The armor in its entirety was very effective and functional. Its weight rarely exceeded 15 kg. The breastplates were made of bright steel, on average 3-5mm thick, and were bulletproof, all the portions were articulated and well adapted to the body (made to measure). In fighting, nothing hampered the wearer’s movement. Brass was the principal ornamental material, combined with brightly polished steel. The wings, made up of eagle, crane, or ostrich feathers, and even used in the campaign, were fixed to the backplate of the man’s armor, which was furnished with holders. Should a hussar be without armor or without a backplate, he could fix the wing, or a pair of wings, in the holders of the cantle of his saddle.
The hussar’s lance, the kopia, was single-use. Those were ultra-light, 2–3 kg with length up to 6.2m, longer than anything their opponents had. They were mass manufactured in Commonwealth royal armories. It was common in battles for the lance to go through three and more opponents.
The hussar saber was versatile, designed for direct, swinging, and arc-like cuts, executed from the shoulder and elbow. The blade, between 82 and 87cm long and of the same width almost for its whole length, was double-edged towards the point. Most blades were of Polish manufacture.

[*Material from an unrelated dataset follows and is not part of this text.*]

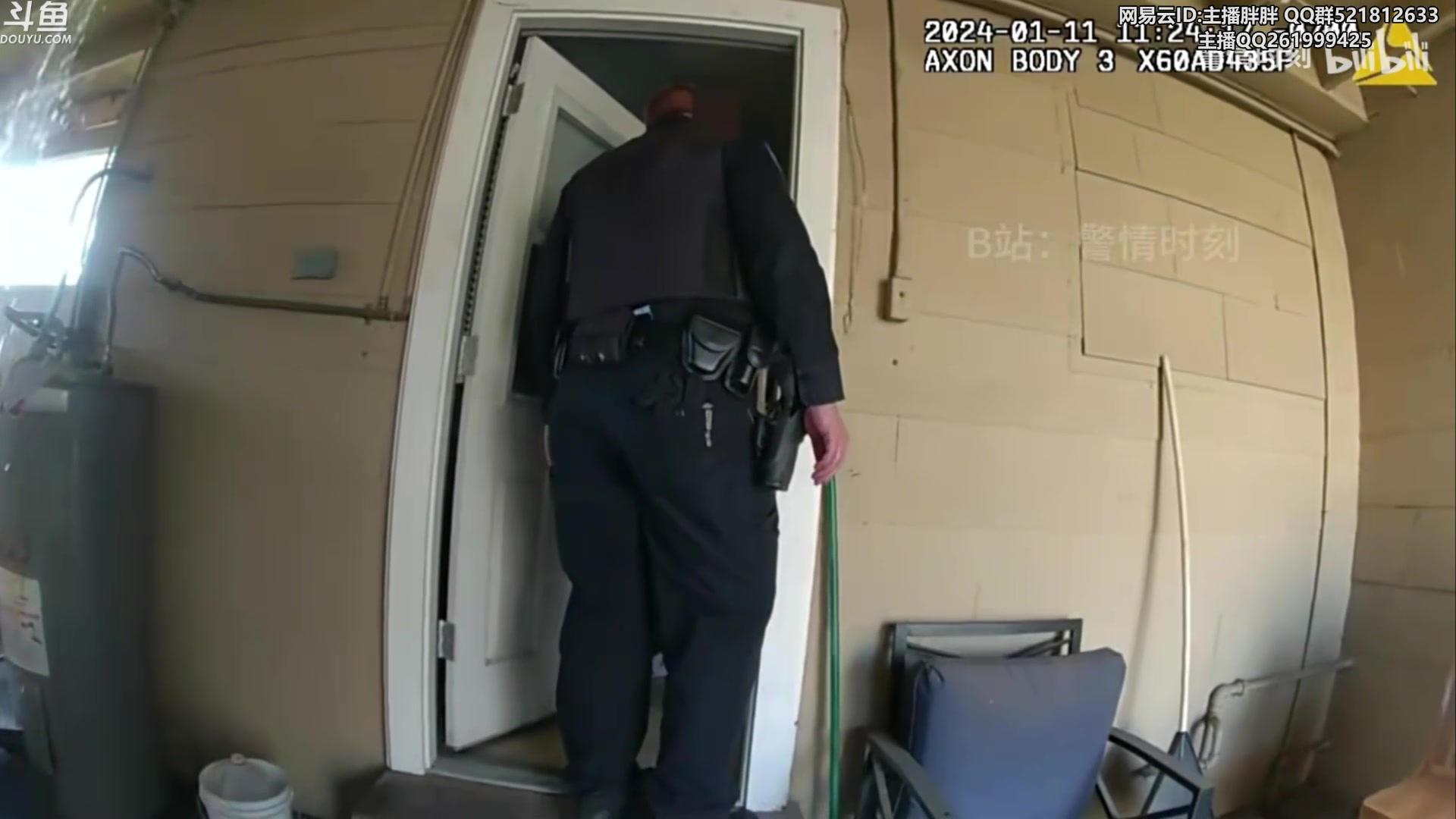 【2024-01-27 04点场】胖胖灬：胖胖OB：BLG强啊！季中赛预定了！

But the true merit of the hussar saber lay in the hilt, which had the quillons prolonged in a knuckle-guard and a thumb ring riveted to the inner languet, while the grip of wood was covered with sharkskin or leather and bound with iron or silver wire; the pommel was almond-shaped. The most important feature of this hilt was the thumb-ring: the pressure exerted by the thumb ensured a quick and efficacious cut! Hussars also sported a pair of flintlock pistols.
The horses were bred to run very fast with a heavy load and to recover quickly. These were hybrids of old, Polish equine lineage and eastern horses, usually from Tatar tribes. As a result, a horse could walk hundreds of kilometers loaded with over 100 kg (warrior plus armor and weaponry) and instantly charge.
The opposing military forces were those of the Ottoman Empire and Ottoman fiefdoms, commanded by Grand Vizier Merzifonlu Kara Mustafa Pasha. The Ottoman army numbered approximately 170,000 according to documents on the order of battle found in Kara Mustafa’s tent. They invested Vienna on 14 July 1683.
Historians have speculated that Kara Mustafa wanted to take the city intact with its riches and declined an all-out attack, not wishing to initiate the plundering that would accompany an assault and was viewed as the right of conquering soldiers.
The hussars entered the battle late in the day. Fierce fighting had gone on for 12 hours. The Poles felt the Ottomans ready to break and sent in the winged Hussars, who routed the Muslim hoard.
It was a classic example of cavalry correctly used at the correct time.